The United States occupation authorities have refused to allow Iraqi and international human rights groups to attend the court martial of a soldier allegedly involved in the torture and mistreatment of prisoners at Abu Ghraib prison, Human Rights Watch said today. The court martial of Army Specialist Jeremy C. Sivits takes place in Baghdad today.
“Barring human rights monitors from the court martial is a bad decision in its own right,” said Sarah Leah Whitson, executive director of Human Rights Watch’s Middle East and North Africa division. “It also sends a terrible signal to Iraqis and others deeply concerned about what transpired in Abu Ghraib.”
Army Specialist Sivits faces up to one year in prison and other penalties on charges of conspiracy to mistreat detainees, negligently failing to protect detainees from abuse, cruelty and maltreatment, and maltreatment of detainees. The court-martial will be held in Baghdad at the Convention Center in the U.S.-controlled Green Zone. U.S. authorities said members of the media will be permitted to attend the court martial.

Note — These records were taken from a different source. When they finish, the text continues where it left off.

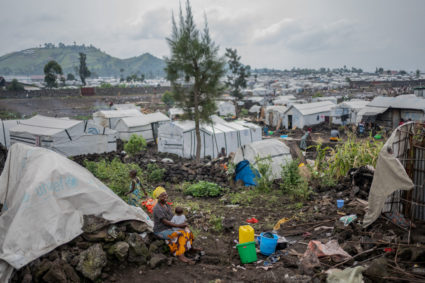FILE PHOTO: Displaced Congolese people prepare to leave camp as M23 rebels order evacuations near Goma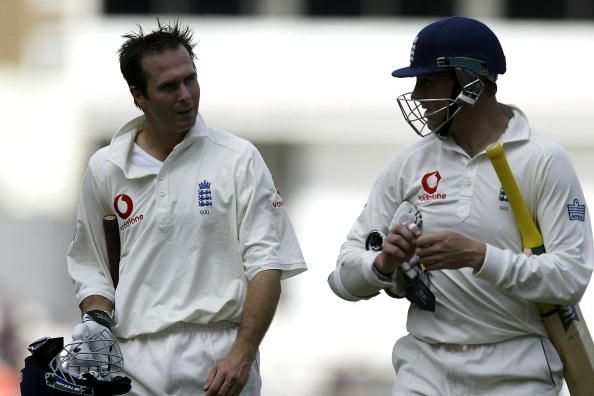 Michael Vaughan and Marcus Trescothick walk off for the lunch break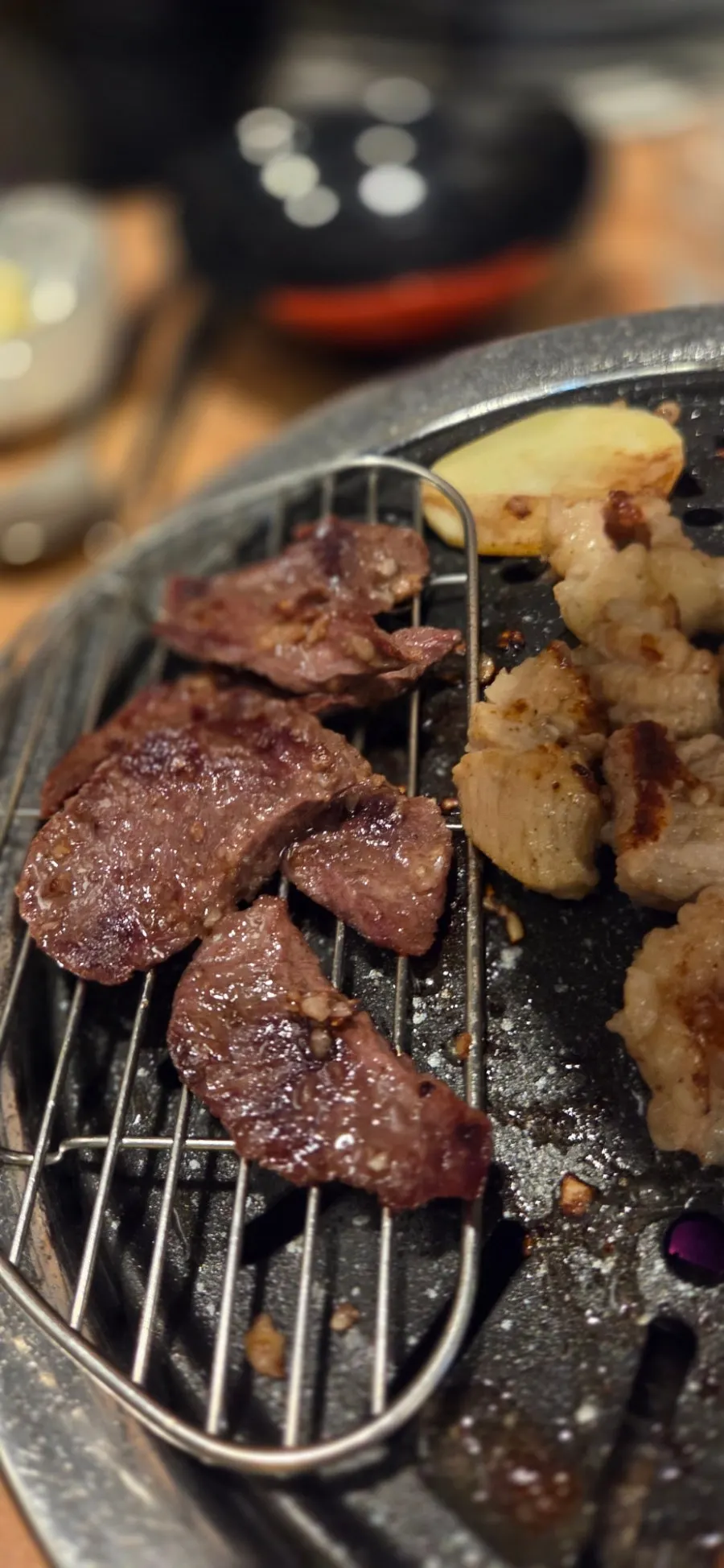 Grill with mixed offal platter being cooked by staff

Captain Mark Doggett told Human Rights Watch that senior officers had discussed attendance by Human Rights Watch and other human rights organizations and decided not to permit their attendance for unspecified “security among other reasons.” Capt. Doggett refused to provide the name of a senior officer to whom Human Rights Watch could protest the exclusion and request a reversal.
“It’s positive that U.S. military authorities are allowing the media to attend tomorrow’s hearing,” said Whitson. “But it is unreasonable to exclude Human Rights Watch and other rights monitors who have expertise in the abuses at the heart of the court martial.”